STORED DATA =
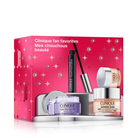 Clinique beauty set with products on a pink and silver box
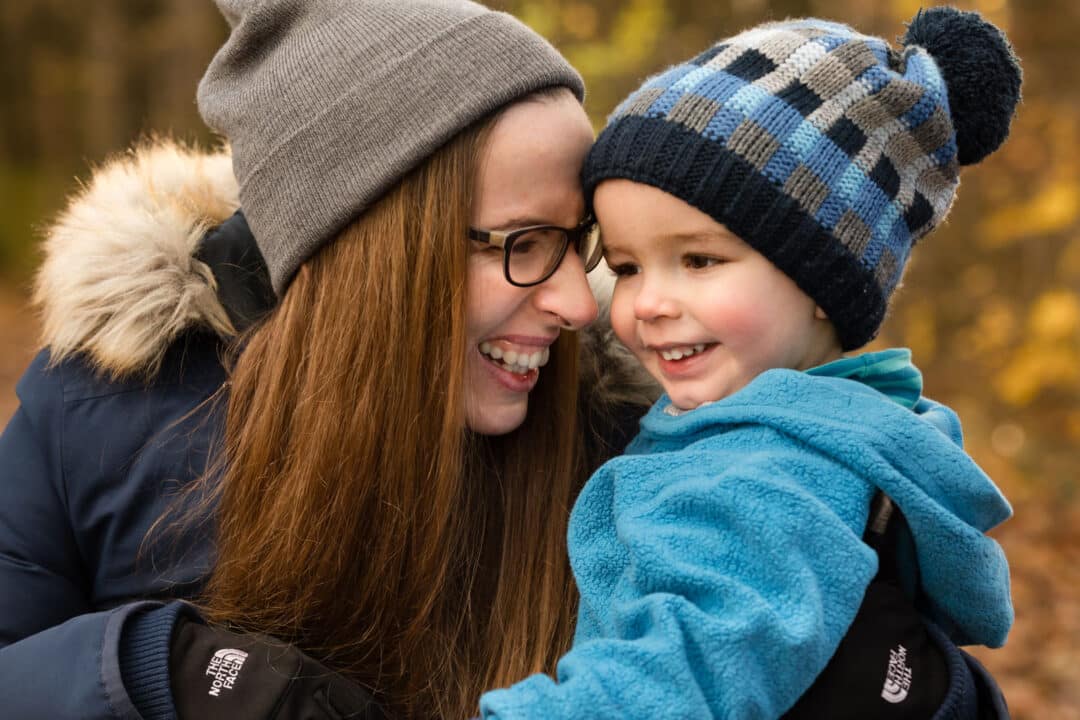 Mutter hält lachenden Sohn auf Arm bei einem herbstlichen Familienshooting in Darmstadt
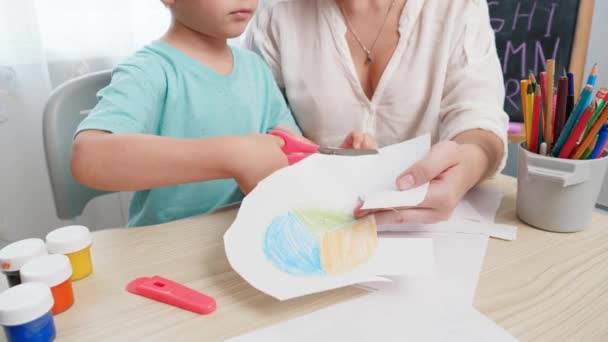 Kleine jongen knipt getekend beeld uit op papier met een schaar. Moeder die haar zoontje helpt. Kleuteronderwijs en -leren thuis - Video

EXERCISE DETAILS =
Reprint the listing above verbatim but drop the images.

ANSWER BOX =
 Clinique beauty set with products on a pink and silver box
 Mutter hält lachenden Sohn auf Arm bei einem herbstlichen Familienshooting in Darmstadt
 Kleine jongen knipt getekend beeld uit op papier met een schaar. Moeder die haar zoontje helpt. Kleuteronderwijs en -leren thuis - Video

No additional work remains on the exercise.